Can any one suggest how to improve search_fetch_time?
Would increasing replicas improve the situation as it seems to help with parallel searching?
Are there any tradeoffs, other than the obvious disk space requirement, when increasing shards/replicas for any index?
There could be quite a few things to consider in this situation, but here are some general thoughts.
search_fetch_time mostly has to do with fetching the docs from the shards/segments after they've been identified - so things to consider would be disk speeds, result set sizes, document sizes, and document enrichment. All of these (plus some other compounding factors) could be looked at the help make that speed faster. I would generally start with Disk performance and contention.

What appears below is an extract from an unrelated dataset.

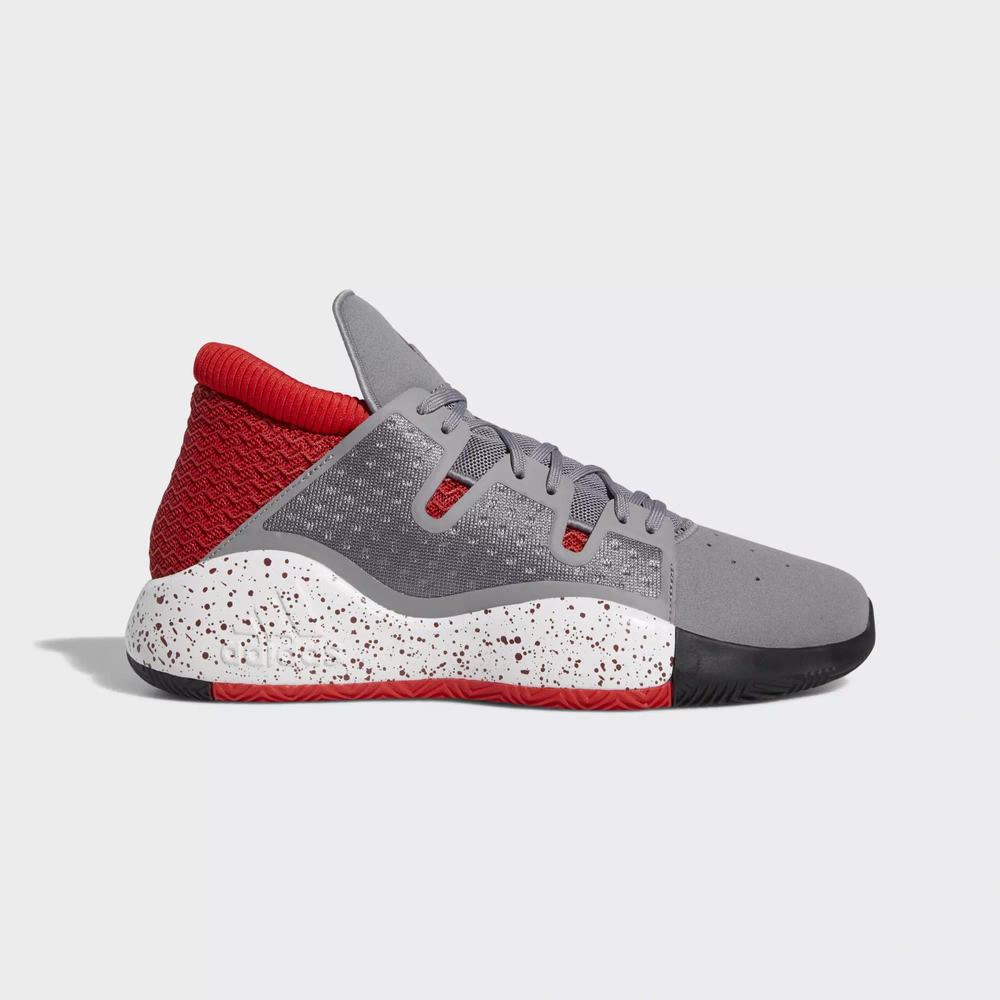 Adidas Pro Vision Tenis De Basketball Grises Para Mujer (MX-62599)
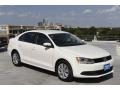 Candy White 2012 Volkswagen Jetta SE Sedan Exterior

Increasing replicas may help improve your fetch speeds if there is contention with the nodes that have the current primary/replicas. This would allow for more copies of the data on the more nodes that the search can pull from to return to the coordinator.
anytime you adjust your sharding and/or replication strategy, you should take your ingest vs search throughput into consideration. in this scenario, if you have a single primary shard and one replica to start, then add four more replicas, that's potentially much more overhead for the ingestion of new data as it has to be replicated out.